Life Lessons from The Empire Strikes Back [part 10]: prelude to The Duel.

2010/09/03

I learned a lot from this battle.

Wow. I originally intended to be done with this series by late June. But here it’s September and I’m just starting the final segment, which is going to run for at least 2 installments.

But enough with recrimination. On with the retrospective!

The duel doesn’t start with the first clash of lightsabers captured above, but several minutes earlier in the film, when Luke decides to abandon his training at a crucial stage to rescue his endangered friends. Thus was an earlier lesson I learned in the film reinforced: Don’t abandon your friends and comrades.

But there’s a tension in the lesson this time around, as Luke is defying the wishes and advice of both the greatest mentors of his young life. They fear that he will fail and only dash their hopes anew:

Yoda: “Strong is Vader. Mind what you have learned; SAVE you it can!”

That line chilled me a bit. Yoda isn’t even guaranteeing that his training is enough to survive, much less defeat Vader. But Luke, for his part, doesn’t even entertain the possibility of failure. It seems that Yoda’s earlier instruction for him to “Try not; do or do not” has finally taken root in the worst way. Luke says two things in this scene that resonate much later in the film and much later in my life:

“You won’t.”

and

“I’ll return…I promise.”

The first line is in response to the ghostly Obi-Wan’s voiced fear of losing Luke to the dark side the way he lost Vader, his previous apprentice. The second line is a similar vow given to Yoda regarding his unfinished training.

These exchanges remind me of an episode near the end of Jesus of Nazareth’s earthy life. Two of his disciples, James and John, conspire with their mother to jockey for right- and left-hand-man status with Jesus when He comes into His Kingdom. Jesus asks them if they’re able to pay the same price in suffering that He’s about to endure. In their blindly ambitious naivety, both say they can and will.

Like Luke, the “sons of thunder” had no clue what they’d just vowed to do.

The LIFE LESSON of this scene, then is this: don’t make vows you really don’t know if you can keep.

There’s one more element at the very end of the scene that underscores the danger that Luke faces. As Obi-Wan and Yoda stand in the glow of Luke’s departing X-Wing, they have this exchange:

Obi-Wan: That boy is our last hope.

Yoda: No…there is another.

Wait…what? You mean Luke might not walk away from this?

At age nine, I barely registered this bit of foreshadowing, but it really is a subtly masterful storytelling device and a bit of insurance on the filmmakers’ part if their lead actor is lost somehow.

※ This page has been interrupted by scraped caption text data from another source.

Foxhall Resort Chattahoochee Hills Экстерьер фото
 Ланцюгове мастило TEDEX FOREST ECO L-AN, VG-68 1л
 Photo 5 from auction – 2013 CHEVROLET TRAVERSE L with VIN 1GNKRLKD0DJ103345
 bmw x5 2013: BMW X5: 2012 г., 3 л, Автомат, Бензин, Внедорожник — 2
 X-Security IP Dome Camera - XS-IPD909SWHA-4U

Finally, after much Imperial maneuvering, Luke finds himself facing the dark Lord Darth Vader at last, who has his own chilling words with which to open the encounter:

“The Force is with you, young Skywalker…but you are not a Jedi yet.”

Suddenly, the weight of all leading up to this moment hit my nine-year-old consciousness:

Yoda’s warning that Luke’s training might save him.

Obi-Wan’s warning that he can’t help Luke this time.

Yoda’s revelation that Luke isn’t the only hope.

Vader’s demonstrated unilateral authority in the movie so far.

And, most of all, the Rule of Expectations. My earlier assurance that Luke was destined to win (based on a fellow kid’s spoiler) was dashed in the scene at the cave midway through the film.

I’ve never been as on-the-edge-of-my-seat in any movie experience before or since. Thus the first LIFE LESSON of my Empire Strikes Back summer was reinforced: expectations have a way of coloring and affecting everything we do or experience. But my (and Luke’s) naive expectation of Luke’s victory is, with this scene and the others represented above, put into serious doubt. Consequently, a corollary lesson emerges: the reality still trumps the expectation. Don’t get ahead of yourself, kid!